Organizamos a pesquisa em três momentos centrais, os quais se substancializam sob a forma dos seguintes capítulos. Em linhas gerais, a primeira parte é dedicada a apresentar o tema da Justiça Comunitária em dois sentidos elementares: enquanto uma concepção em movimento e em construção, evocando algumas elaborações conceituais para tanto, e principalmente, como força motriz do Programa Justiça Comunitária do TJDFT, descrevendo seu funcionamento como um todo, suas atividades, os atores que a integram e suas vertentes principais. Para mais, um espaço do capítulo é destinado a tecer algumas breves elucidações sobre a proposta nacional de Justiça Comunitária do Ministério da Justiça.

No segundo capítulo, realizamos um movimento similar com o tema da Justiça Restaurativa. Inicialmente, abordamos brevemente algumas tentativas conceituais e o contexto em que a discussão da temática está inserida, para em um segundo momento desenvolvê-la enquanto experiência do Programa Justiça Restaurativa do TJDFT. Neste momento medular, apresentamos sua atuação geral, suas práticas, seu histórico e diversos aspectos concernentes ao seu desenvolvimento.

O desígnio dessas duas primeiras seções do texto é, precipuamente, de retratar as vivências dos programas Justiça Comunitária e Justiça Restaurativa dentro do TJDFT, de forma que possamos identificar práticas restaurativas e comunitárias, espaços, atores, conceitos e significados manuseados por cada um dos programas em sua relação institucional. A partir desses esforços descritivos, nos encaminhamos para o terceiro e último capítulo, no qual focamos em assimilar como e em quais aspectos os dois programas se relacionam entre si e com o Poder Judiciário.

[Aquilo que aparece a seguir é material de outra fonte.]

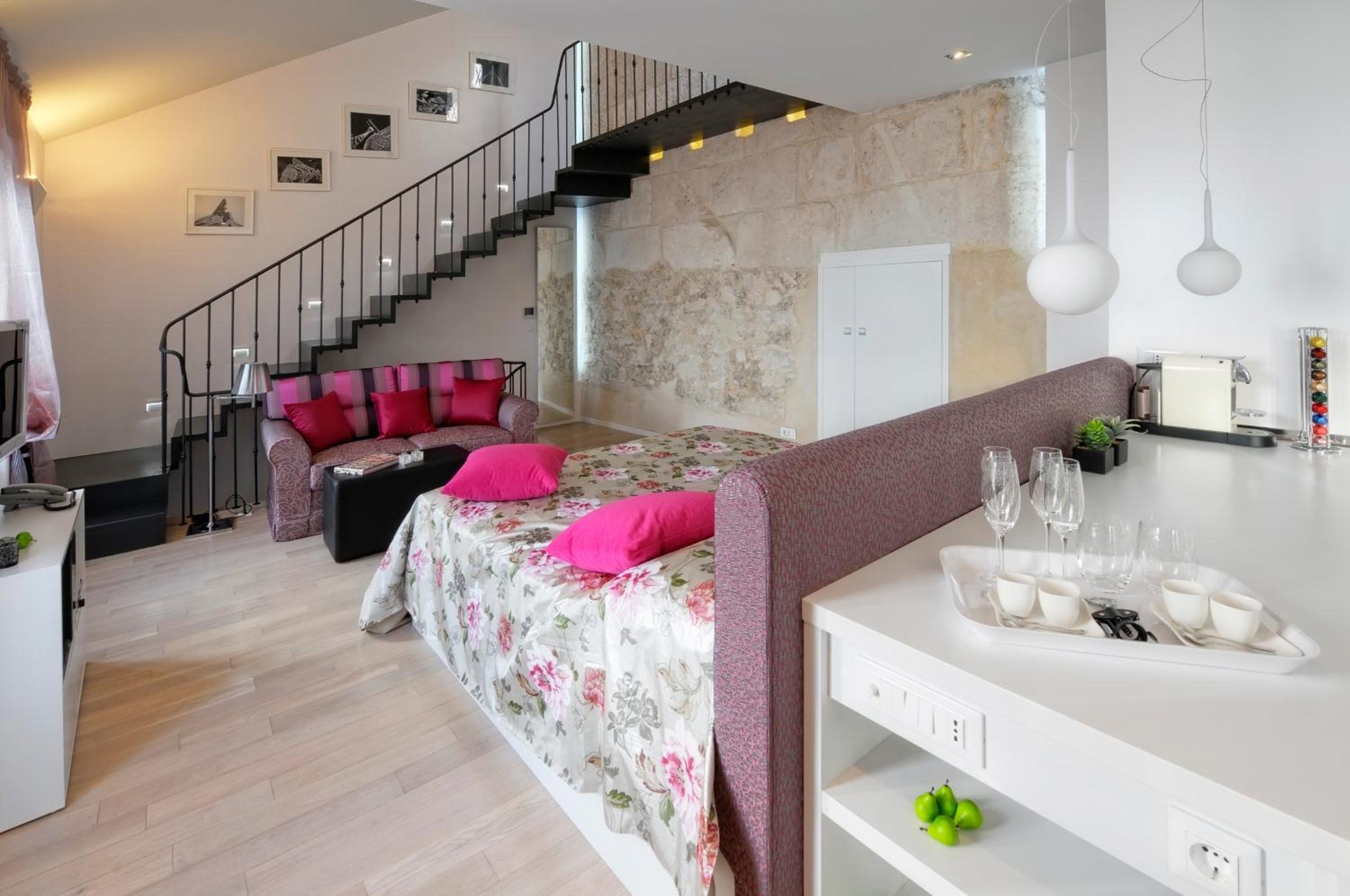 Riva Luxury Suites photo 5
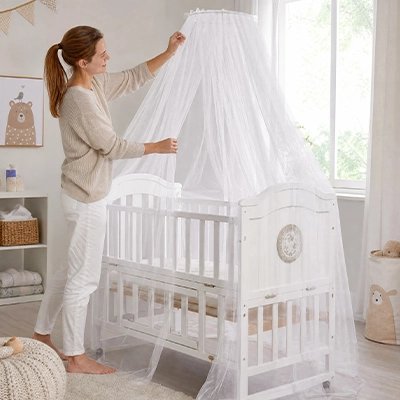 Moustiquaires lit bebe maman installe filet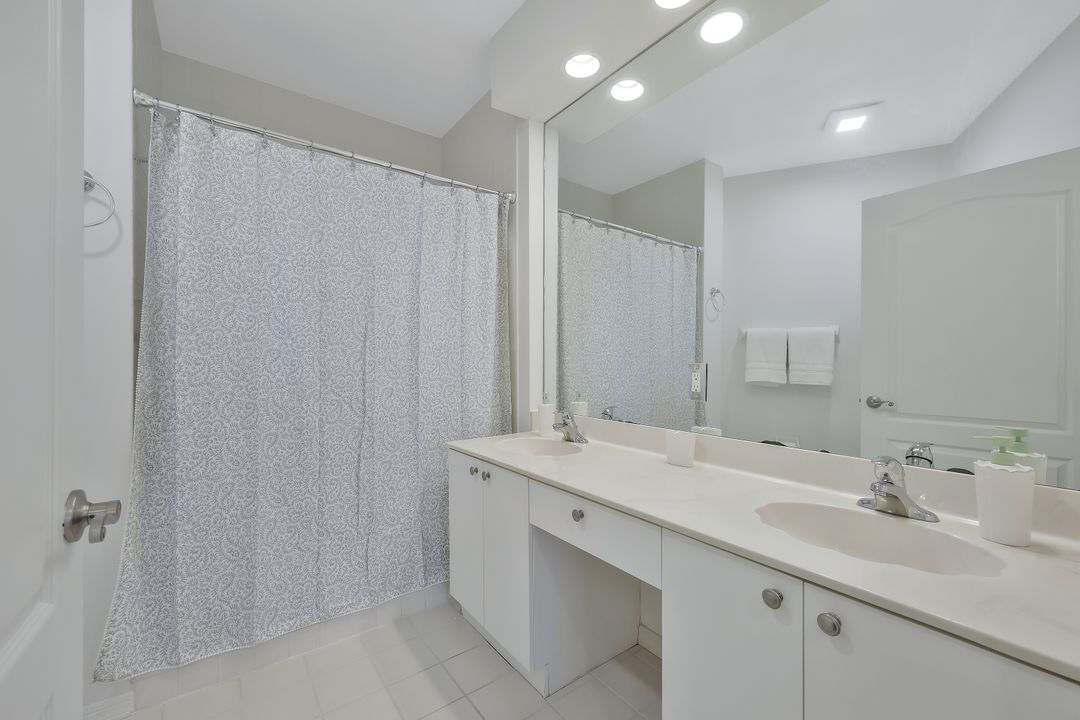 8380 Excalibur Cir #H3, Naples, FL 34108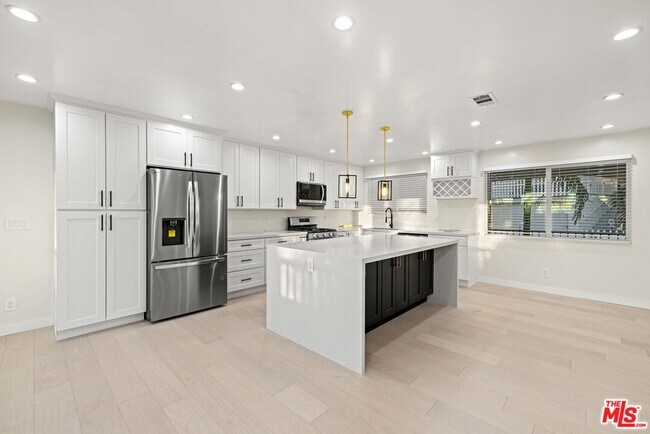 Building Photo - 10941 Cardamine Pl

Por meio deste percurso, pretendemos sinalizar onde essas práticas têm se localizado, se cruzado e se distanciado dentro da estrutura judicial. Não há a pretensão, contudo, de comparar qualitativamente esses dois programas, considerando que se tratam de percursos, abordagens e propostas diferentes; mas de perceber seus pontos de encontro e de distanciamento, suas potencialidades, limitações e relações com a conjuntura que os abarca.

 

Esse roteiro organizativo conduz a Autora ao desfecho de seu trabalho, assumindo ela, em suas Considerações Finais, que “todo esse trajeto da pesquisa nos fez perceber que os programas Justiça Comunitária e Justiça Restaurativa do TJDFT desenvolvem práticas similares – tais quais as mediações e os processos circulares no âmbito da administração de conflitos, e também atividades didáticas, no campo da educação para direitos –, porém, em sentidos diferentes. Como demonstramos no terceiro capítulo da pesquisa, o programa Justiça Restaurativa é inserido, dentro da estrutura do TJDFT, no contexto do sistema de justiça criminal e restrito aos casos judicializados, ao passo que o Programa Justiça Comunitária atende uma quantia ínfima de casos que envolvam essa área e é mais voltado para a atuação na comunidade”.

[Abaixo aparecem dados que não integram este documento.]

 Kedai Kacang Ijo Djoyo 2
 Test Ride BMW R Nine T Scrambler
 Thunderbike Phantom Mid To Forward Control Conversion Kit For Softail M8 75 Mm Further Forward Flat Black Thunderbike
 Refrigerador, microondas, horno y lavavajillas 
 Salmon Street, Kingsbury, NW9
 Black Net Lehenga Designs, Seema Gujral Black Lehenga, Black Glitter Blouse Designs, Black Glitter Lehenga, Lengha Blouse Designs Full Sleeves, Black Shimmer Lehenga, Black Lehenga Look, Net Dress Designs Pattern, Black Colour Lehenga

Muito bem descritas as duas experiências, elas carregam a virtualidade metodológica já enunciada por Engels, segundo a qual, “a descrição verdadeira do objeto é, simultaneamente, a sua explicação” (Contribucion al Problema de La Vivienda, Obras Escogidas de Marx y Engels, Tomo I, Editorial Fundamentos, Madrid, 1975).

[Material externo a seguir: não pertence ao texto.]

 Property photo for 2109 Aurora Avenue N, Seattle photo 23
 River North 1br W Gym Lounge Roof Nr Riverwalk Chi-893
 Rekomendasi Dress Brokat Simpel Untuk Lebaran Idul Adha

Mas a Autora, recuperando a sua premissa centrada na tese de alargamento da noção de acesso à Justiça, não se deixa conformar só no descritivo. Para ela, “embora essas duas experiências integrem a mesma estrutura administrativa institucional, conformem-se como contra-hegemônicas e complementares em relação à predominância adjudicatória judicial, e informalmente mantenham diálogos entre si, suas práticas são conduzidas por direções distintas. Os agentes atuantes, o grau de formalidade e de normatização institucional, os tipos de casos e seus procedimentos de entrada nos programas revelaram uma atuação mais aberta à comunidade e orientada por uma lógica de coletividade por parte do PJC, e mais focada em demandas interpessoais e institucionalizadas pelo PJR”.

E por isso, o seu fecho: “Enfim, esses movimentos de convergência e divergência entre os dois programas e a instituição judicial à qual são vinculados despertaram algumas indagações, potencialidades e limitações acerca dessas relações, as quais foram sintetizadas principalmente no terceiro capítulo. Essas pontuações abarcam desde riscos à sustentabilidade dos programas até à extensão de problemáticas inerentes ao sistema formal de justiça. Contudo, tendo em vista que o aprofundamento em cada uma dessas questões demandaria a convocação de outros trabalhos para além desta dissertação, nos limitamos a apresentá-las e referenciá-las junto a alguns aportes teóricos, com o fim de instigar novas pesquisas acerca do tema”.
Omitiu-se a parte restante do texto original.